DATA
/---
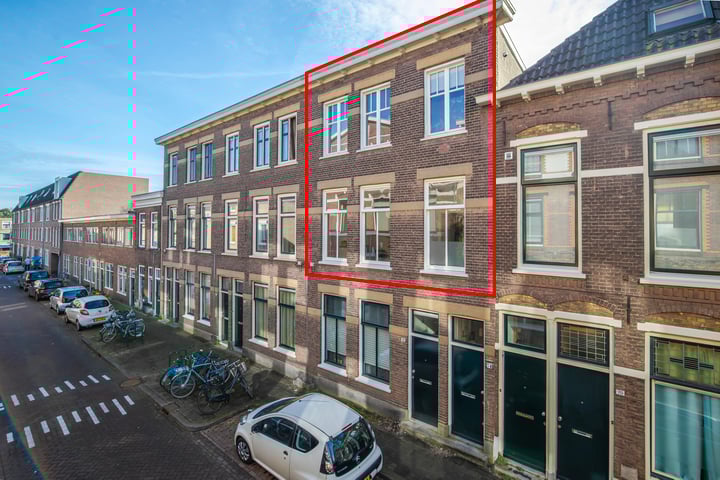 Spoorwegstraat 74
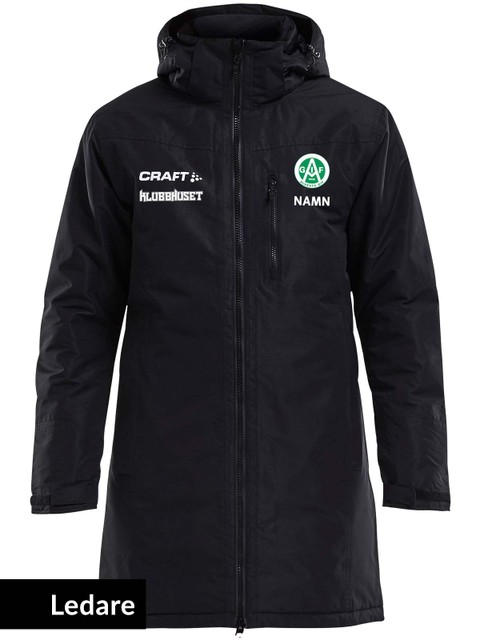 Craft Jacket Parkas (Alvesta GIF)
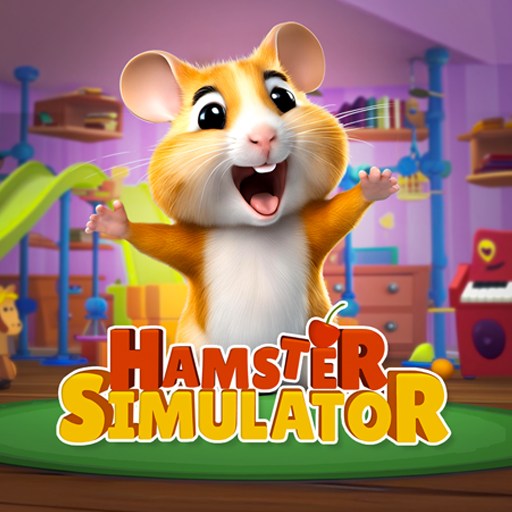 Skjermbilder (6) Hamster Simulator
\---
Everything in the material except the pictures should be restated word for word.

 Spoorwegstraat 74
 Craft Jacket Parkas (Alvesta GIF)
 Skjermbilder (6) Hamster Simulator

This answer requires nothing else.